14_559e5600aaf27_1436440064_2And Maxus has just promoted its top planner, Jen Smith (left), to the new post of global creative director. Inviting the question: why does a media agency need one?

Maxus says Smith will aim to deliver outstanding creative work for clients, as well as expand the UK creativity leadership programme to all Maxus employees worldwide. She developed the agency’s creativity training scheme, in which ten per cent of Maxus UK employees are tasked with improving creative problem-solving and becoming “creative champions” across the agency.

Nobody would deny that in a joined-up communications world media planners and buyers need to know something about creativity and that this should inform their choices. Whether it does or not is a moot point: there’s pressure on the media agencies to use the media that offer them the biggest discounts, whatever a planner might say.

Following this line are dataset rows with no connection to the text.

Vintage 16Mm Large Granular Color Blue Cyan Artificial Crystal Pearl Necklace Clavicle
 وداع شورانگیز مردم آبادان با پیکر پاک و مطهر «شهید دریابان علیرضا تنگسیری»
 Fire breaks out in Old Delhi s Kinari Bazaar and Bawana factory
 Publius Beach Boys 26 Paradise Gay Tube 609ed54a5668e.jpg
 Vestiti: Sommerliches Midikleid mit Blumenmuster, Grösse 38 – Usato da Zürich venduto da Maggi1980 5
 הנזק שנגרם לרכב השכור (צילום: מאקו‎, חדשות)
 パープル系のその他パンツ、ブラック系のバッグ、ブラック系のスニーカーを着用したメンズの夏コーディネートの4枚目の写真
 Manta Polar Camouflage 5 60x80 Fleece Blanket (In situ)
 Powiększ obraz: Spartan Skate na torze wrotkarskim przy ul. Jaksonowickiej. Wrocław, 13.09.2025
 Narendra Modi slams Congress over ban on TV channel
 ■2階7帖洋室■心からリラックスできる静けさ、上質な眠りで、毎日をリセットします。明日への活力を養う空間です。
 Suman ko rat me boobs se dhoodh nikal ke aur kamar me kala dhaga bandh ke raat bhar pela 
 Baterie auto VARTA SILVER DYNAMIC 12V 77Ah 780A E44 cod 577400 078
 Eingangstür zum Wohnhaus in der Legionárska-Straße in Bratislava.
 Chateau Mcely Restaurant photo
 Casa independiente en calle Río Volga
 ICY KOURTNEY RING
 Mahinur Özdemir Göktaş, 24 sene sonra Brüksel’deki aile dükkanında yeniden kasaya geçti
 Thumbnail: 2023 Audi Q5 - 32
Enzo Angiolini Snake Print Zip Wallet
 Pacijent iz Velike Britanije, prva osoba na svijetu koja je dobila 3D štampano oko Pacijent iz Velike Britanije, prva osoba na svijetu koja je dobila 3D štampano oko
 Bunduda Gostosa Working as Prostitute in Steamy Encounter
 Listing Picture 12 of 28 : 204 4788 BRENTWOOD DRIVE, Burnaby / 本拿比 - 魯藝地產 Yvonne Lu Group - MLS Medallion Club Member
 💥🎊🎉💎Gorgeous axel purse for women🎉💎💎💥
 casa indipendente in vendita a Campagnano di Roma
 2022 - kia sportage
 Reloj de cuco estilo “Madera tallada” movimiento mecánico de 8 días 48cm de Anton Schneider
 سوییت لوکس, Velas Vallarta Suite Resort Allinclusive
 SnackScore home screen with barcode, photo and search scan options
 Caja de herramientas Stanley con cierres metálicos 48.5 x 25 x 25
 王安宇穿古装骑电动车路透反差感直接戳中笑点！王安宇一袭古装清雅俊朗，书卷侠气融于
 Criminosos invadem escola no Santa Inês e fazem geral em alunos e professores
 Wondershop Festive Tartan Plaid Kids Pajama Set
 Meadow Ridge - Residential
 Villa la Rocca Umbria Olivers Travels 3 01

But, that aside, what will follow from the appointment of such creative leaders in media agencies? Maxus isn’t the only one.

The logical consequence is that they’ll start pitching for, winning and producing creative work. Why have them otherwise? It already happens to a degree. Successful UK indie media shop the7stars is running the latest instalment of a campaign, ‘Suzuki Saturdays’ with the ubiquitous Ant and Dec, that might have been expected from Suzuki’s UK creative agency The Red Brick Road. In this case the production is supplied by ITV but it’s the7stars acting as creative as well as media agency in all but name. And the campaign (below) is fine if that’s your thing. The sub-titles are a bit peculiar but maybe research shows that people don’t know their Ant from their Dec.

Once the real biggies of the media agency world start doing this at scale there’ll be trouble. Media agencies already take the lead in most campaign planning.

Creative agencies are trying to fight back, mainly through trying to grab media planning from media agencies. MullenLowe has its Mediahub operation while The&Partnership has m/SIX Media, which offers the works as it benefits from part-owner WPP’s volume deals with big media owners. But these are really minnows in comparison to the big media agencies which employ thousands of people.

Increasingly we see big accounts moving both media and creative to the same holding company. Someone told me the other day that this is because the winners offer the creative at cost or less so long as they keep the media – which is where, as we said, the real money is. If the creative goes somewhere else, then the client is no longer guaranteed the supposedly advantageous media deals.

It’s a big issue for creative agencies, whoever they’re owned by. What seems incontestable is that, in many cases, they’re being pushed to the margins of the business.